In a medium size tube, mix 2mL of benzaldehyde with 15 drops of acetone, and leave it at room temperature for 5 minutes.
It is extremely important that one of the carbonyl groups has an acidic alpha hydrogen one adjacent to a carbonyl group so that the enolate ion can be formed. The fact that the Rf value increased from the beginning to the end of the experiment indicates the occurance of the reaction since the product dibenzalacetone is less polar than the reactants acetone and benzaldehyde.

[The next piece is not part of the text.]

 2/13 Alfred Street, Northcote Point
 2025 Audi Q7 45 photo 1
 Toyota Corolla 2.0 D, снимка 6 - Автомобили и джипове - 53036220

Repeat 3 times. Stir the reaction for 15 minutes with the flask open to air. Prepare to wash and dry the solid. Rinse the solid with 5—8 drops of ethanol. However, the aldol reaction is not formally a condensation reaction because it does not involve the loss of a small molecule Smith,
Thus at higher temperature in base the aldol reaction will go directly to the conjugated enone without any isolation of the aldol intermediate. In every case, the product results from the addition of one molecule of an aldehyde or ketone to a second molecule in such a way that the a-carbon of the first becomes attached to the carbonyl carbon of the second. Explain your answer. Draw a complete electronic mechanism of the aldol product between benzaldehyde and acetophenone.
Allow the solution to cool slowly to room temperature and then cool in an ice bath.